(snip)
Nevertheless, there's a feminist- or pre-feminist lesson here. Miers's whole story can be read as a cautionary tale for women on the move. It's about the sacrifices she made, the muzzled nature of her striving. The bleakest detail of Miers's résumé is that her decision to accept Jesus Christ as her savior took place at the office.

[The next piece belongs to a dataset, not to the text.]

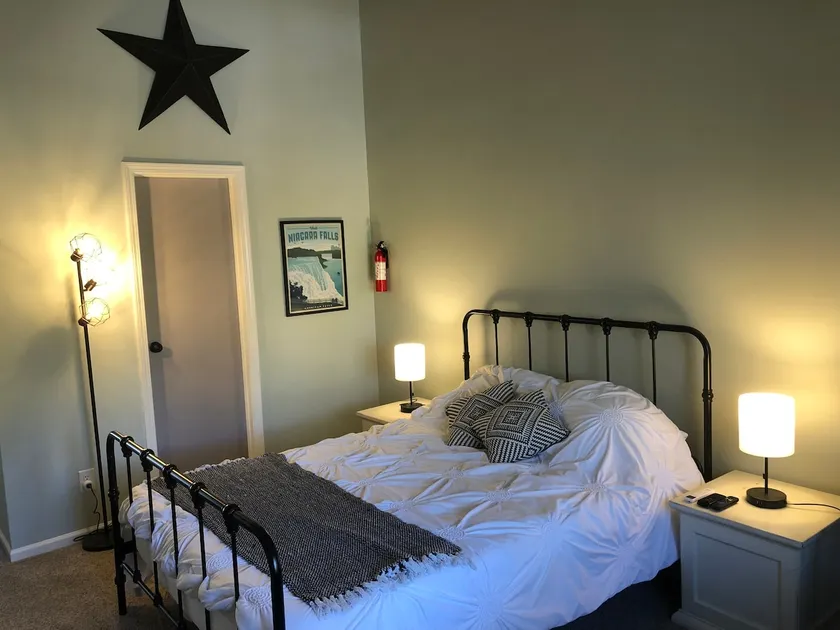 Enjoy a beautiful Canandaigua woodside getaway - Image 1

You can imagine the scene with painful vividness as the lamp burned late at her tidy desk on the 35th floor of the Republic National Bank tower in downtown Dallas, where she worked at the law firm of Locke Purnell Boren Laney & Neely. Another night without a date. Another night that would end with her key turning in the lock of a dark apartment, a bag of groceries in one hand, a briefcase bulging with documents in the other. Like Condi Rice, who sacrificed so much of her personal life to become a policy nun and ultimately the high priestess of the Temple of the Two Bushes, Miers had paid a price for her single-minded pursuit of career advancement. She had shattered every glass ceiling of the Texas bar, only to be waiting alone after hours for her old pal Judge Nathan L. Hecht to pad down the corridor from his office with a consoling Bible and the promise of being born again.
(snip)
The difference between Rice and Miers is more than just the 10-year age gap or the psychic distance between Stanford and Dallas. Condi operates with careful deference, but unlike Miers she is more than just the skilled expediter of Bushean business. Condi has always been a peer who was too savvy to behave like one. While Miers stayed in a guest trailer on her visits to Crawford, Rice stayed at the ranch and worked out on the exercise bike next to Bush.
(snip)
Happy Birthday, Lady T(hatcher) -- and hail to you and all the women who've gone before! You won us the freedom to say that if opting for a Harriet Miers means we risk getting not just a sycophant but a stem-cell-banning, abortion-denying, Bible-thumping presidential sycophant, maybe we'd just as soon have a guy.